Yes, they’re handsome, but look, too, at the remarkable, easy grace of their faces and bodies in front of my camera, and of their relationship to each other.  See the way that the father holds his son, supported and elevated, but not confined or constricted.  Their presences, mysterious but palpable, made and still makes them important to me.

Some people seem ordinary to us because they hide so much, not necessarily by their own choosing, or because we just don’t see deeply into them.

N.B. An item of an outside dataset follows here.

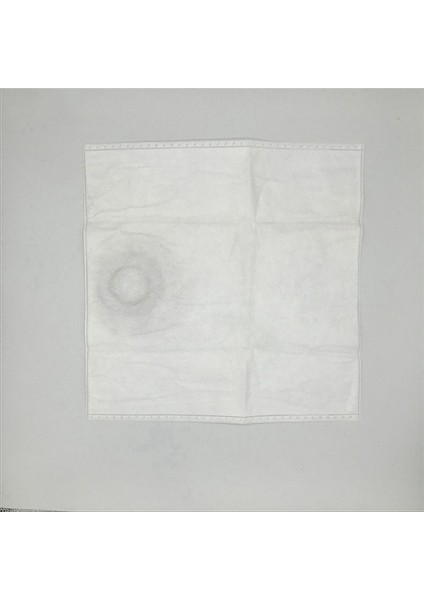 Makita VC2010L VC2512L VC2012L VC3011L VC3012L Robot Süpürge Parçası Süpürgesi Değişimi Için 18 Adet Toz Torbası (Yurt Dışından) fırsatları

To this point, here’s a poem by one of my favorite poets, the late Nobel Prize-winner, Tomas Transtromer (translated by Patty Crane):

                    Romanesque Arches

 Inside the enormous Romanesque church, tourists crammed

     into the half-darkness.

 Vault opening behind vault and no view of the whole.

 Several candle flames flickered.

 An angel without a face embraced me

 and whispered through my whole body:

 “Don’t feel ashamed that you’re human, be proud!

 Inside you, vault behind vault opens endlessly.

 You’ll never be complete, and that’s how it should be.”

 I was blind with tears

 and driven out into the sun-simmering piazza

 together with Mr. and Mrs. Jones, Mr. Tanaka 

     and Signora Sabatini

 and inside each of them vault behind vault opened endlessly.